Fomentar o itinerário formativo e com isso se valer da EAD, se bem administrada, se transformará num instrumento valioso pensando justamente na integralidades desses alunos. Valorizar os trabalhos que são feitos além da escola, independente das porcentagens de ensino a distância para diurno, noturno ou EJA.
Principalmente, reconhecer nossa diversidade e saber os momentos oportunos da educação presencial e da EAD. Encarando como objetivos centrais o acesso e qualificação da educação.
Tecnologias Educacionais
Essa é uma temática que necessita de energia e esforços para pensar na sua melhor estruturação e propagação. Nossas escolas públicas e municipais, em grande número, ainda não contam com rede de Internet de qualidade, e muitas vezes nem contam com uma rede. Será preciso pensar estratégias para disponibilização de infraestrutura e equipamentos de qualidade que tenham condições de atender aos alunos e a comunidade.
Também, pensar quais serão os formatos dessa educação EAD, e como os estudantes se valerão dela. Nem sempre é necessário o acesso a um ambiente virtual, por exemplo. O trabalho também pode ser realizado através de relatórios, diários de bordo, cadernetas de acompanhamento que o professor analisa e retorna com feedbacks e planos de ação.

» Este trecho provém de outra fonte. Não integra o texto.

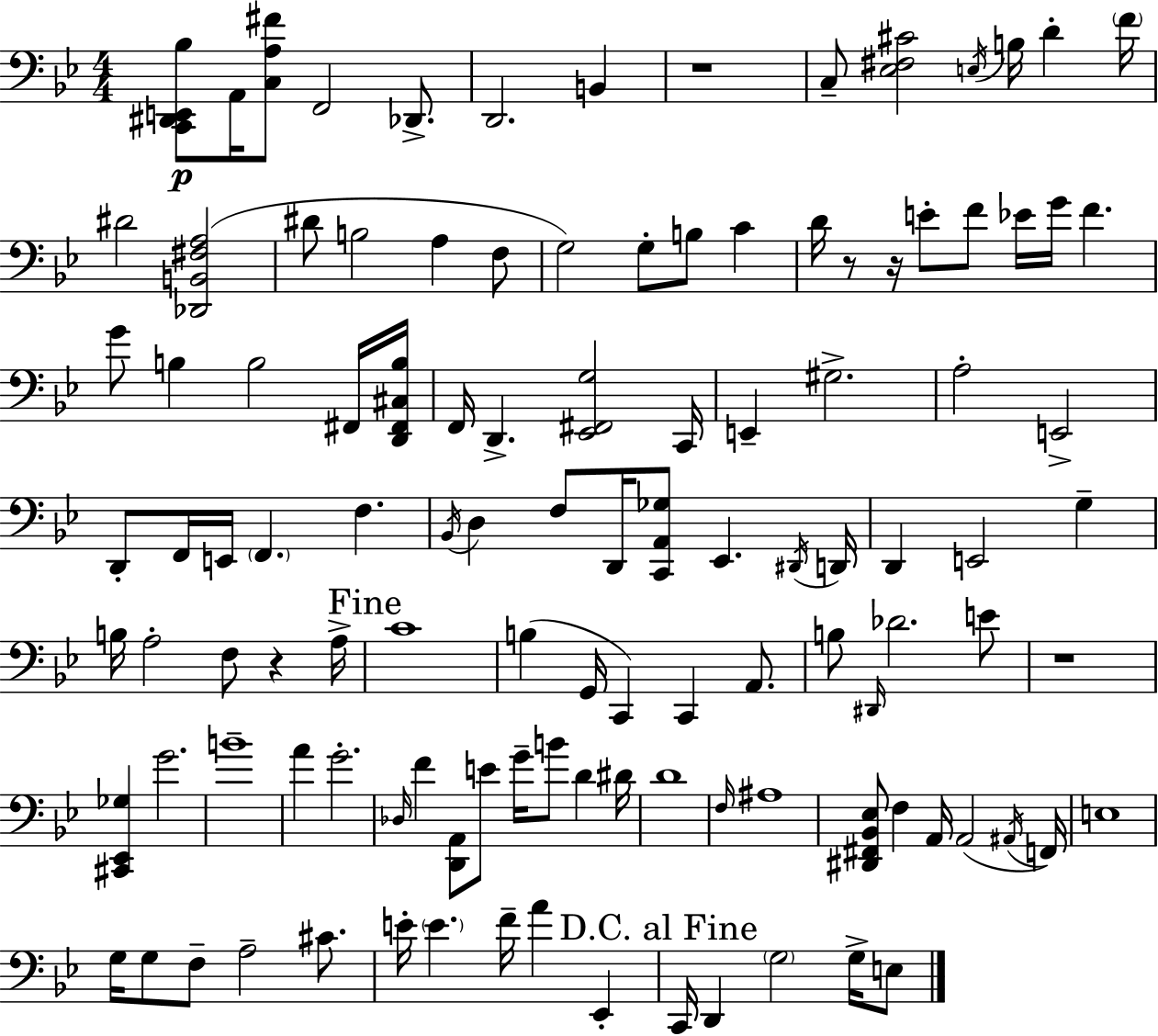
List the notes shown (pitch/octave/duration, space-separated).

[C2,D#2,E2,Bb3]/e A2/s [C3,A3,F#4]/e F2/h Db2/e. D2/h. B2/q R/w C3/e [Eb3,F#3,C#4]/h E3/s B3/s D4/q F4/s D#4/h [Db2,B2,F#3,A3]/h D#4/e B3/h A3/q F3/e G3/h G3/e B3/e C4/q D4/s R/e R/s E4/e F4/e Eb4/s G4/s F4/q. G4/e B3/q B3/h F#2/s [D2,F#2,C#3,B3]/s F2/s D2/q. [Eb2,F#2,G3]/h C2/s E2/q G#3/h. A3/h E2/h D2/e F2/s E2/s F2/q. F3/q. Bb2/s D3/q F3/e D2/s [C2,A2,Gb3]/e Eb2/q. D#2/s D2/s D2/q E2/h G3/q B3/s A3/h F3/e R/q A3/s C4/w B3/q G2/s C2/q C2/q A2/e. B3/e D#2/s Db4/h. E4/e R/w [C#2,Eb2,Gb3]/q G4/h. B4/w A4/q G4/h. Db3/s F4/q [D2,A2]/e E4/e G4/s B4/e D4/q D#4/s D4/w F3/s A#3/w [D#2,F#2,Bb2,Eb3]/e F3/q A2/s A2/h A#2/s F2/s E3/w G3/s G3/e F3/e A3/h C#4/e. E4/s E4/q. F4/s A4/q Eb2/q C2/s D2/q G3/h G3/s E3/e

Há muitas formas de se pensar sobre tecnologias educacionais além de dispositivos e recursos digitais, basta planejamento e acompanhamento efetivos.

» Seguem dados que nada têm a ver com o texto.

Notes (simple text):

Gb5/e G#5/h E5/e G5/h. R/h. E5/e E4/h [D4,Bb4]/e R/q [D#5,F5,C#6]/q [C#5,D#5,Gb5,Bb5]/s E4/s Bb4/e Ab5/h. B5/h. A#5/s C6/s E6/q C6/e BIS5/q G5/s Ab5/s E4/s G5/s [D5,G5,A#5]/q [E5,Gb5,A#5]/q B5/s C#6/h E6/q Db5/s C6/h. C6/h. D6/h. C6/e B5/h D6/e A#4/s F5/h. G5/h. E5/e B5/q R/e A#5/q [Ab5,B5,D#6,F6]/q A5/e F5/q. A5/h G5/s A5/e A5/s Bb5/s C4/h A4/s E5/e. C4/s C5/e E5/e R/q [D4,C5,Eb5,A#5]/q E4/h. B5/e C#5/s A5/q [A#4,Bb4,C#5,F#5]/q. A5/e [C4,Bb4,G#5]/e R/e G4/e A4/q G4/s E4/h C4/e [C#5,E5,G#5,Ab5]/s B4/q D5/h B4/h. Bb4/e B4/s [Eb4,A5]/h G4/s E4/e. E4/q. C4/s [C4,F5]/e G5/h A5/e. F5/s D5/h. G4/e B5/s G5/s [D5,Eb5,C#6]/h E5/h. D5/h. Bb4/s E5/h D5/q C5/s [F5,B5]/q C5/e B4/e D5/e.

O que esperar dos próximos passos
Implementar uma política de EAD para o ensino médio não será tarefa fácil, pois além das questões pedagógicas temos também os fatores técnicos e tecnológicos, além dos culturais. É a primeira vez na história que se tenta tal modalidade neste ciclo escolar com tanta amplitude. Há os que apoiam e entendem como forma de aumentar o acesso e fazer com que mais pessoas tenham a possibilidade do diploma e há aqueles que acreditam na desqualificação e massificação de uma educação que forma analfabetos funcionais.
Acreditamos que através da EAD será possível fazer um trabalho em que, inclusive, tenhamos a capacidade de conectar etnias, regiões e culturas. No entanto, podemos dizer que seu sucesso dependerá significativamente da gestão escolar, política e da comunidade, apoiando e sendo presente nos debates e decisões.